* _WHAT YOU ARE ASKED TO DO_: Set down again, exactly and only, the lines from the one that contains "6:00 a 12:00h." through the last line of the records below, both included, but not the pictures.

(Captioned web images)
==================================================

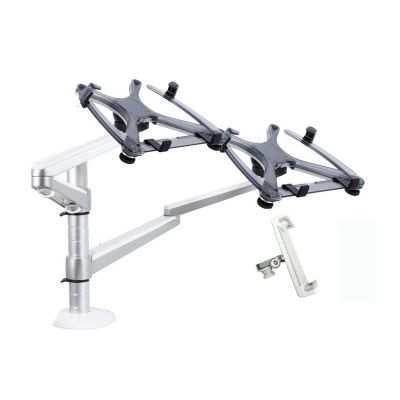 ADBWEKKF OA-11X Multifunctional Dual Arm Two Pad Desk Mount 10"-15" Double Laptop Table Holder Stand Bracket Clamp Base 65mm(OA-11Y)
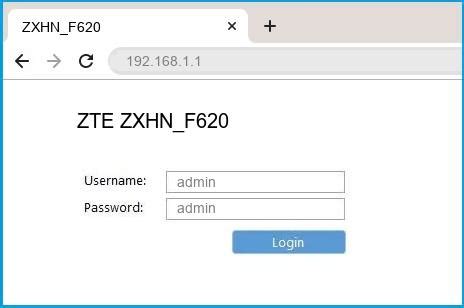 Forgot password to zte zxhn f609 router : 192.168.1.1 - ZTE ZXHN_F620 Router login and password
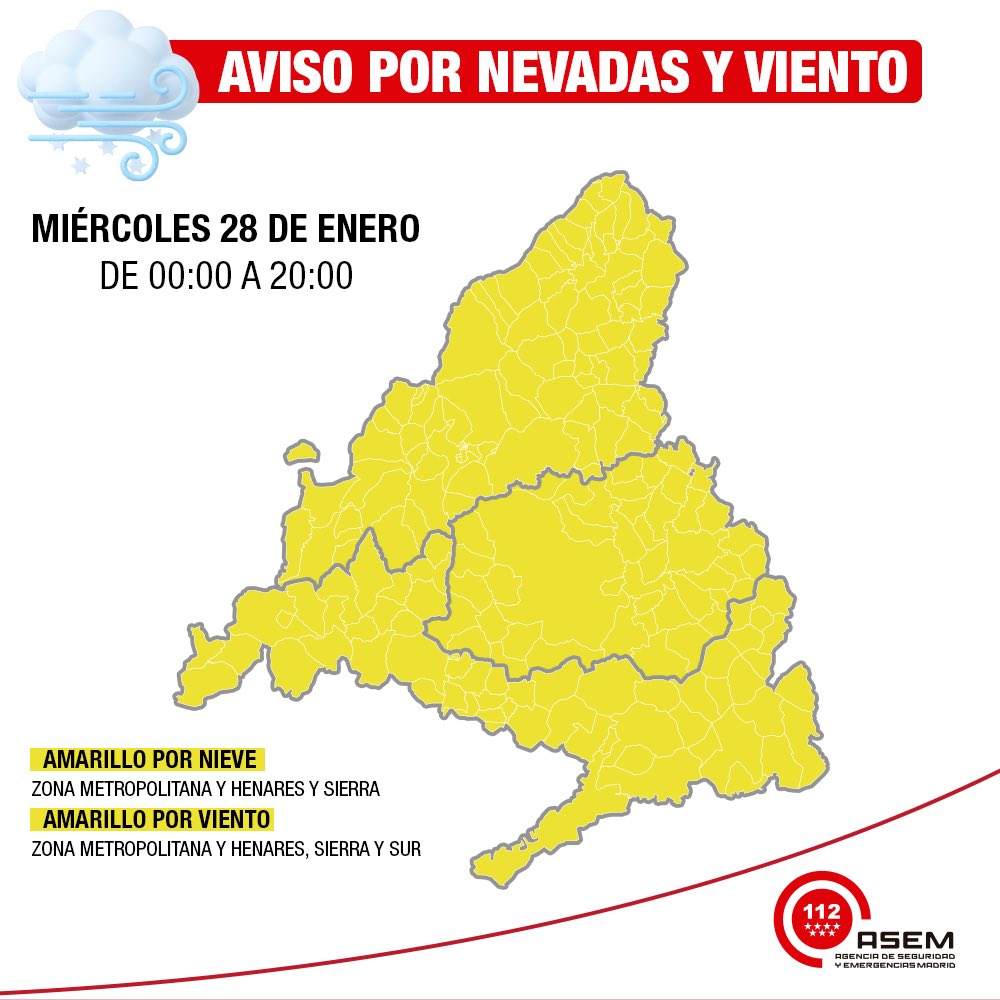 🟡 Aviso amarillo de @aemet_madrid

 🗓️ Miércoles 28 de enero.
 
❄️ Nieve.
📍Sierra. 
🕒 De 00:00 a 20:00h. 

📍Metropolitana y Henares 
🕒 De 6:00 a 12:00h.

💨 Viento.
📍Toda la <a href="/ComunidadMadrid/">Comunidad de Madrid</a> 
🕒 De 6:00 a 20:00h.

Rachas máximas de 80 km/h sierra y 70km/h resto.

#ASEM112
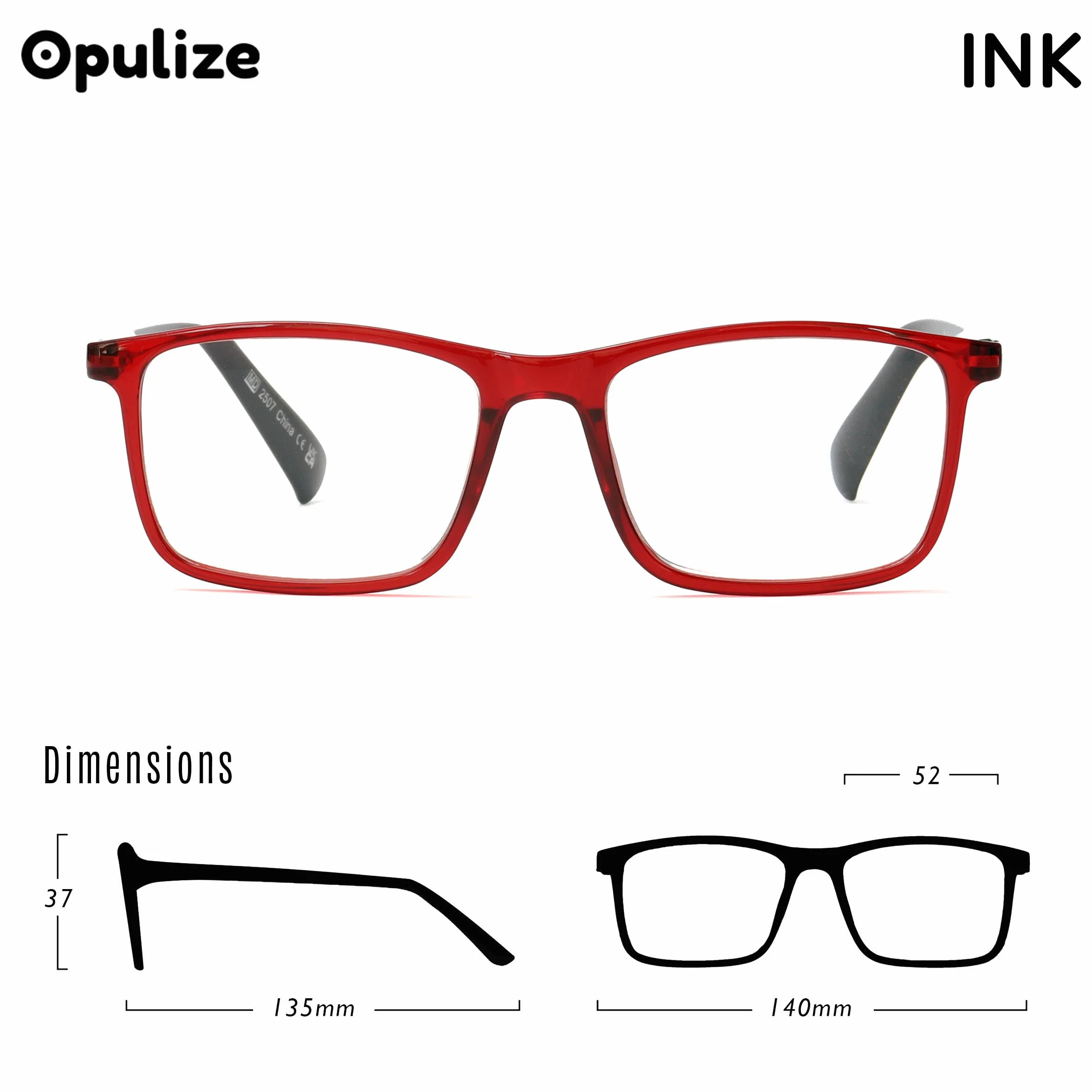 OPULIZE Ink Lesse okulary 2-pak duże prostokątne oprawki zawiasy sprężynowe odporne na zarysowania dla mężczyzn i kobiet RR4
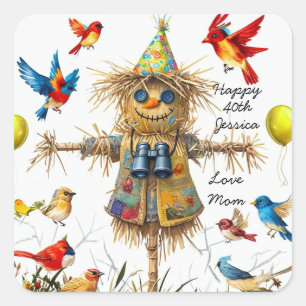 Scarecrow Birthday Party Celebration Design Square Sticker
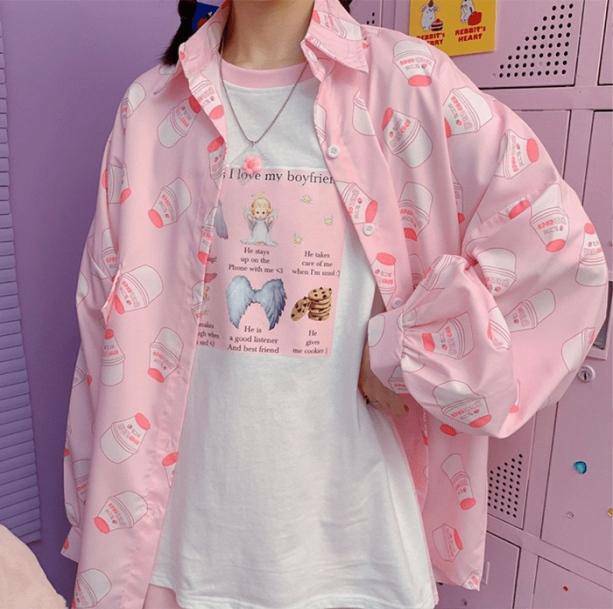 Strawberry Milk Y2K Aesthetic Shirt - Cute Coquette Style Top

==================================================

* _ANSWER TO THE EXERCISE_:
🕒 De 6:00 a 12:00h.

💨 Viento.
📍Toda la <a href="/ComunidadMadrid/">Comunidad de Madrid</a> 
🕒 De 6:00 a 20:00h.

Rachas máximas de 80 km/h sierra y 70km/h resto.

#ASEM112
 OPULIZE Ink Lesse okulary 2-pak duże prostokątne oprawki zawiasy sprężynowe odporne na zarysowania dla mężczyzn i kobiet RR4
 Scarecrow Birthday Party Celebration Design Square Sticker
 Strawberry Milk Y2K Aesthetic Shirt - Cute Coquette Style Top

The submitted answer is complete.